(Excerpts from a dataset)

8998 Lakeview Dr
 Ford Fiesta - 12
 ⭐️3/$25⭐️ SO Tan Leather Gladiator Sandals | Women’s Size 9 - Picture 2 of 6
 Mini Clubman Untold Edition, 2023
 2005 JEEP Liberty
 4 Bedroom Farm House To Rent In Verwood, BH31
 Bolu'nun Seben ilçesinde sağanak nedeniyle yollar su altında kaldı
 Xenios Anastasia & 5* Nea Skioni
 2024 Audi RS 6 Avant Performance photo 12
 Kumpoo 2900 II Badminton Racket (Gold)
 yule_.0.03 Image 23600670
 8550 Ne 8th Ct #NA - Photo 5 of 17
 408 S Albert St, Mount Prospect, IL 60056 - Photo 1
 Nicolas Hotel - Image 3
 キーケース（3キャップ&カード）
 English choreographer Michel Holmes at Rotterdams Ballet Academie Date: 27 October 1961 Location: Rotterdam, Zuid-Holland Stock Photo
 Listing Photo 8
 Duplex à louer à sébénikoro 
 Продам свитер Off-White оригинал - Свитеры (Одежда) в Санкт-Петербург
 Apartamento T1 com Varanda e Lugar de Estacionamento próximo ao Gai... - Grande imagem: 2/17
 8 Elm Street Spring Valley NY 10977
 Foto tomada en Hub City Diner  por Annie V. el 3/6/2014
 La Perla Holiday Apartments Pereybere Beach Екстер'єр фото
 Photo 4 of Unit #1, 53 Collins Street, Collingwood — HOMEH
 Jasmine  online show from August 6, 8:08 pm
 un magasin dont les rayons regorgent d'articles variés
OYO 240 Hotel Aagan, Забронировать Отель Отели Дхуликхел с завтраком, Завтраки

** TASK DESCRIPTION **
Output all of the data without altering a single line.

** SOLUTION TO THE EXERCISE **
8998 Lakeview Dr
 Ford Fiesta - 12
 ⭐️3/$25⭐️ SO Tan Leather Gladiator Sandals | Women’s Size 9 - Picture 2 of 6
 Mini Clubman Untold Edition, 2023
 2005 JEEP Liberty
 4 Bedroom Farm House To Rent In Verwood, BH31
 Bolu'nun Seben ilçesinde sağanak nedeniyle yollar su altında kaldı
 Xenios Anastasia & 5* Nea Skioni
 2024 Audi RS 6 Avant Performance photo 12
 Kumpoo 2900 II Badminton Racket (Gold)
 yule_.0.03 Image 23600670
 8550 Ne 8th Ct #NA - Photo 5 of 17
 408 S Albert St, Mount Prospect, IL 60056 - Photo 1
 Nicolas Hotel - Image 3
 キーケース（3キャップ&カード）
 English choreographer Michel Holmes at Rotterdams Ballet Academie Date: 27 October 1961 Location: Rotterdam, Zuid-Holland Stock Photo
 Listing Photo 8
 Duplex à louer à sébénikoro 
 Продам свитер Off-White оригинал - Свитеры (Одежда) в Санкт-Петербург
 Apartamento T1 com Varanda e Lugar de Estacionamento próximo ao Gai... - Grande imagem: 2/17
 8 Elm Street Spring Valley NY 10977
 Foto tomada en Hub City Diner  por Annie V. el 3/6/2014
 La Perla Holiday Apartments Pereybere Beach Екстер'єр фото
 Photo 4 of Unit #1, 53 Collins Street, Collingwood — HOMEH
 Jasmine  online show from August 6, 8:08 pm
 un magasin dont les rayons regorgent d'articles variés
OYO 240 Hotel Aagan, Забронировать Отель Отели Дхуликхел с завтраком, Завтраки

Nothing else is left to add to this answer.